Harry’s Heart-2-Hart: Just Not Enough

 By Harry Mitchell

Harry Mitchell
Harry Mitchell

Hello and a happy spring to all of you loyal beat readers. If you’re anything like me, I’ll bet you’re glad to see the warm weather emerging with it’s April showers and May flowers blooming. I know that you will probably be inclined to agree with me when I say that it would be the understatement of the year to say that this past winter has been rough, especially for the homeless.

Homelessness has come a long way since the days of the vagrant hobo walking down the railways of past Americana. With his few meager belongings wrapped up in a bandana tied to the end of a stick, looking and hoping to find a place to sleep for the night, he would look in an empty railroad boxcar or maybe a secluded spot somewhere in the semi-wilderness on the outskirts of a small town to take a load off, then build a small inconspicuous camp fire, roasting a frankfurter accompanied by a can of beans. Compared to the present times, the image is considered nostalgic and the hobo himself is an almost mythical lovable down on his luck character of American history. 

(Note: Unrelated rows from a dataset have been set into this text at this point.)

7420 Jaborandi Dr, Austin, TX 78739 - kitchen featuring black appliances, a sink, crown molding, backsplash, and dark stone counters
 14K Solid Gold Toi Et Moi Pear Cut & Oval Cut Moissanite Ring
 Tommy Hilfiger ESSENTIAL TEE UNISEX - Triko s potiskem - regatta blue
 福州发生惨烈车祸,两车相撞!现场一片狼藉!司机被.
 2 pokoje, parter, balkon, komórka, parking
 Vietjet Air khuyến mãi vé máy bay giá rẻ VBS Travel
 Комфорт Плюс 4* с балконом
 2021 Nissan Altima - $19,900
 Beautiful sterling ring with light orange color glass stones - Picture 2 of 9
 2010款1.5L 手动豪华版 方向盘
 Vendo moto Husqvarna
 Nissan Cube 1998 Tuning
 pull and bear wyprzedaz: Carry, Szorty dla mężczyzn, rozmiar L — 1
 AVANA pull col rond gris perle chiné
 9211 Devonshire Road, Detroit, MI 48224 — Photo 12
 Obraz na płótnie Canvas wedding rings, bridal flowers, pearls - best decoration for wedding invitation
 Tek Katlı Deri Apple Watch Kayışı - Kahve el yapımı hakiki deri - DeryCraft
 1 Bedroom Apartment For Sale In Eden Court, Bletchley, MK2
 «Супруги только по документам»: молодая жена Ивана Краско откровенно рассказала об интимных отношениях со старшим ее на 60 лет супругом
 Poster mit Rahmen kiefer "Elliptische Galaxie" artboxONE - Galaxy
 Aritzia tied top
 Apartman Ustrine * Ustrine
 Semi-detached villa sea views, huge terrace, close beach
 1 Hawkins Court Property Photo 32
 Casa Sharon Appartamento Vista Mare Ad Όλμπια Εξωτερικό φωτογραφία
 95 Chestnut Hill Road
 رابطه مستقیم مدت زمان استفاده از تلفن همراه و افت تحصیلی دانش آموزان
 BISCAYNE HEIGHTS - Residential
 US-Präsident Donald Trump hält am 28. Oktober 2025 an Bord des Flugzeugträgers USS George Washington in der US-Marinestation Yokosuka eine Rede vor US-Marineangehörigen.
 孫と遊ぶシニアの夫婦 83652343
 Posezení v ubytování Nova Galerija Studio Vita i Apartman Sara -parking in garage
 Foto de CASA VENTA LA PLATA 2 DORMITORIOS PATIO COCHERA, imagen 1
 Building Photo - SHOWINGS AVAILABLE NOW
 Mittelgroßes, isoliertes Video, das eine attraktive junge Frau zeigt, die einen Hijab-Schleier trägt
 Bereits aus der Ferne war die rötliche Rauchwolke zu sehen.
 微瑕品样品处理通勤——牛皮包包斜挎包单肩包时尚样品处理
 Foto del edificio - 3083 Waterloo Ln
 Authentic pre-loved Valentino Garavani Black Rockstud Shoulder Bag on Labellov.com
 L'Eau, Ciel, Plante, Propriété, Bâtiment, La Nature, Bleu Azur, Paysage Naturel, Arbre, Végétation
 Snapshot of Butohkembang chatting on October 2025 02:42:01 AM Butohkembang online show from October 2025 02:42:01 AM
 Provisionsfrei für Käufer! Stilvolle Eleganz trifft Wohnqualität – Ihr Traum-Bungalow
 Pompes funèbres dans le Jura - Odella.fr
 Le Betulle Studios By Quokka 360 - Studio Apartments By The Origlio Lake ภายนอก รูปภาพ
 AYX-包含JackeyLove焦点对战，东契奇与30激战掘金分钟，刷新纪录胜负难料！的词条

Well these days, the homeless don’t appear to be so lovable to the general public anymore. As a matter of fact, we are now viewed as walking and talking eyesores of the community, due to the negative prejudices of some of society in regards to who we are and what we care about. Through my own personal experiences, I found that an abundance of society now looks upon us as a bunch of lazy, not ambitious, alcoholic, drug addicted, career criminal offenders who are just a waste of skin taking up space. In a few cases, this might be considered true, though even the few bad apples are not a waste of skin, as I believe everyone is put here to serve a positive purpose, whether they know it or not.

Also some of the women that live in the homeless realm aren’t always viewed favorably in the judgmental eye of the public as well. Sometimes they are seen as nothing more than crack and dope addicted mothers who don’t take care of their little ones and will perform sexual favors for very little or nothing to some selfish SOB taking advantage of the fact that she’s got a habit. Again, in a few cases some of these things may ring true, but to say that these are the primary reasons that people become homeless is total BS.

The reasons people become homeless are multiple and varied like the different shades and skin tones of the complexions in African Americans. The reasons range from being out of work, mental health issues, lack of affordable housing, family issues and unfortunate set of circumstances that present themselves at inopportune times in our lives.

Being without a permanent residence doesn’t make us people of an unsavory nefarious character. All it means is that at some place and time in our lives, something went wrong. So in Society’s opinion, it becomes our personal responsibility to try to fix what is broken, with practically little or no help from the current powers at be.

You see, I think about these things quite often. Mostly while I’m in my bed or bunk or mattress on the floor of whichever shelter I happen to be in at that time. I think while the sometimes overly pungent smell of feet, flatulence and B.O permeates the air as I’m gradually being lulled to sleep by the cacophonic high volume sounds of snoring by the great Hartford nasal shelter symphony. (It’s amazing what one can become accustomed to after prolonged exposure).

Nevertheless, I think. And do you know what my thoughts tell me? Well in my opinion, although I know my opinion might not mean a hill of beans to some, simply being homeless isn’t the sole problem.

I believe that a large portion of the problem lies in the fact that there simply aren’t enough special programs and services in our city and state social service structures to accommodate the needs of Hartford’s residents as well as the rest of the Connecticut homeless.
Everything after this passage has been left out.